Archives for posts with tag: be the change

Yesterday I spent the day gently, most of it, on mindful service to the small creatures in my life. I spent hours on aquatic gardening: doing a water change in my community tank, some pruning, planting, tidying things up, acclimating the new tetras that have been in quarantine, and generally spending the larger part of the day with the fish.  It was soothing and serene, and I definitely needed to support my inner stillness after a morning of unexpected turmoil.  Tending the aquarium was a good choice to get back on track and feeling calm and balanced.

The secret life of shrimp.

The secret life of shrimp.

It was a moment of shared humor to find myself discussing the aqua gardening, and commenting that I doubted there were any shrimp surviving, since I simply never see them…I gestured to the tank and…there’s a shrimp, right up front! LOL I took a moment to snap a picture, because I wanted to be sure later that I didn’t doubt my recollection of having seen him. 😀  All that cleaning and moving things around must have disturbed any shrimp in the community. I found several more lurking quietly in the Java fern. 🙂

What made yesterday sort itself out in such a wonderful way wasn’t heartfelt apologies, or emotional ‘laying down of arms’, or occupying time in spaces away from conflict, although those things generally help.  For me, it was more about taking time to be deeply engaged in a favored activity, a needful task of some complexity, that I gave my entire attention to for a while to a ‘greater good’. Mindful service. In this case, mindful service to my own needs, and my aquarium. Simple gardening on some level, and gardening is something I know puts my heart and head right, when I take the time to allow it, to pursue it, and to invest in the good in it.  (Experience tells me I could pay lip service to the idea of ‘mindful service’ and just go through some motions, and perform tasks to completion, while investing in being hurt and angry, and get nothing in return but a sense of futility and resentment – will and intent matter; results also require action.)
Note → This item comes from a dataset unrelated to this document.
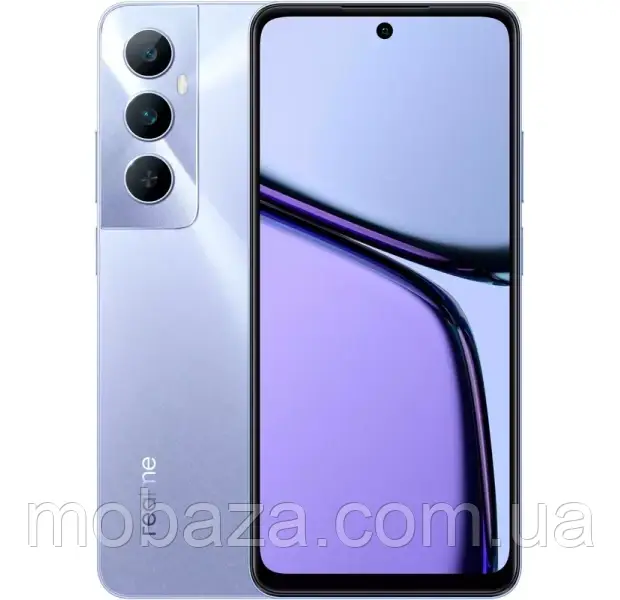 Смартфон Realme C65 6/128Gb (RMX3910) Purple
The day was a good one, morning challenges passed quickly, comfortably, and were quickly forgotten. That’s more progress, and it feels like something I can begin to count on. 🙂  I admittedly enjoy tallying up the improvements in emotional resilience, reductions in volatility, new tools, new skills, new experiences of living in a general state of contentment, and comfort within myself…it’s been a year (368 days) since my sense of self began to unravel in a terrible way, a process that took weeks, consumed the holiday experience, and ultimately found me as only a shell of myself, considering choosing to end my own life… What a difference a year can make!  I don’t discuss those dark days in any detail with people, even people I love very much; too much pain to share, too few words to express it without sharing the pain more than the understanding. I feel hopeful that those days are well behind me now, and nothing more than a memory.
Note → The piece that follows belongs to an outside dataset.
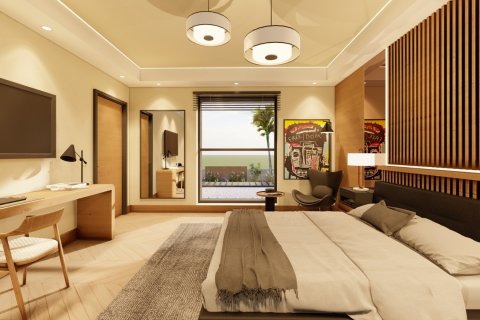 Продажа виллы  в Оваджике, Мугле, Турция 4+1, 372м2, №212500 – фото 14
The mindfulness thing was the key. Still is. There are so many times I wish I could convincingly say “no, really, try this“, to friends and loved ones with their own challenges, their own suffering… but generally, as with my own experience in my own life, there is a state of readiness needed to even hear the suggestion in a usable way. I was once someone willing to say, with conviction and based on my own experience, that I had ‘tried meditation and it didn’t do anything for me’.  “I tried meditation…” No, no I had not. Not like this. I had always been focused on focus, focused on concentration, focused on clarity – focused on thought. I did not understand ‘awareness’, ‘stillness’, or observation. I did not understand the importance of breathing. I’m not sure what I ‘understand’ now…but I practice. 🙂  It is enough.
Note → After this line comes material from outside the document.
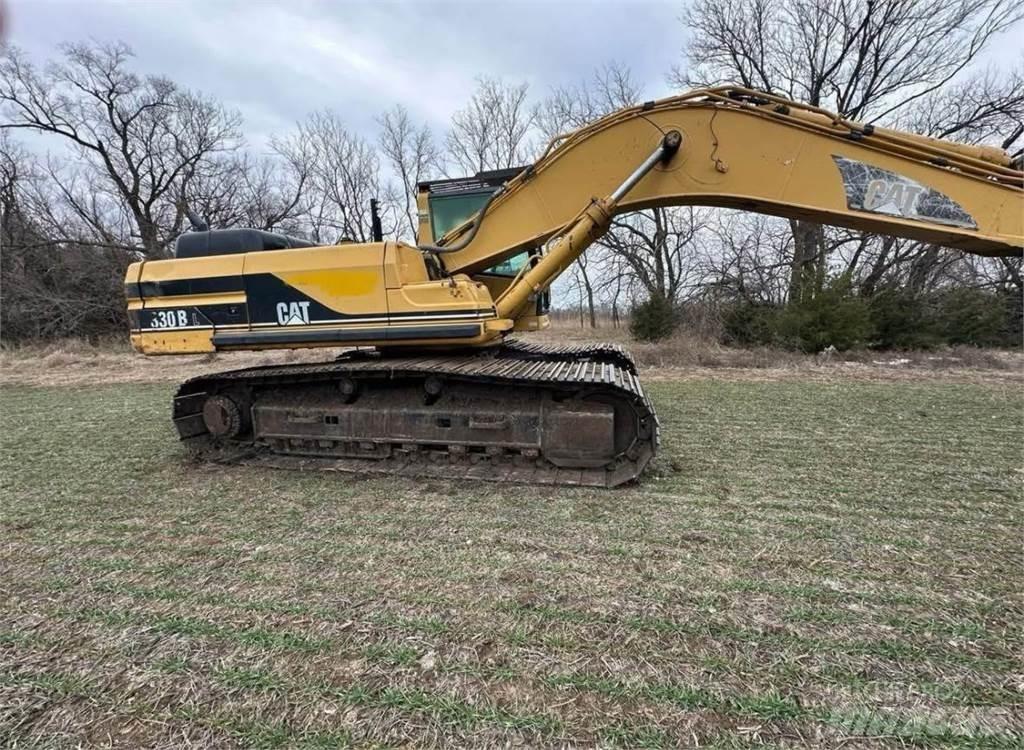 CAT 330BL 履帶式 挖土機/掘鑿機/挖掘機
A lot more is ‘enough’, now. I hope to more deeply explore ‘sufficiency’ in 2014, to be more deeply and mindfully in service to home, hearth, and to myself, to ask more questions, and be more comfortable with uncertainty, to continue my studies of life and love, and to connect more deeply and more intimately with my loves, with my friends, with my family. I’ll get started today – it’s a lovely day to change the world.

The winter holiday season is a big deal for me.

Fun ornaments

This morning I am surfing the universe of retail luxuries in search of gift ideas that will be memorable, exciting, appreciated, worthy, nurturing, and result in wide eyes and delighted exclamations on a certain upcoming winter morning. The shopping is part of my piece of the fun, and there’s no particular stress in it for me; giving from a place of love to someone who receives with love as well is a marvelous experience whether it is something practical, or something utterly unnecessary. 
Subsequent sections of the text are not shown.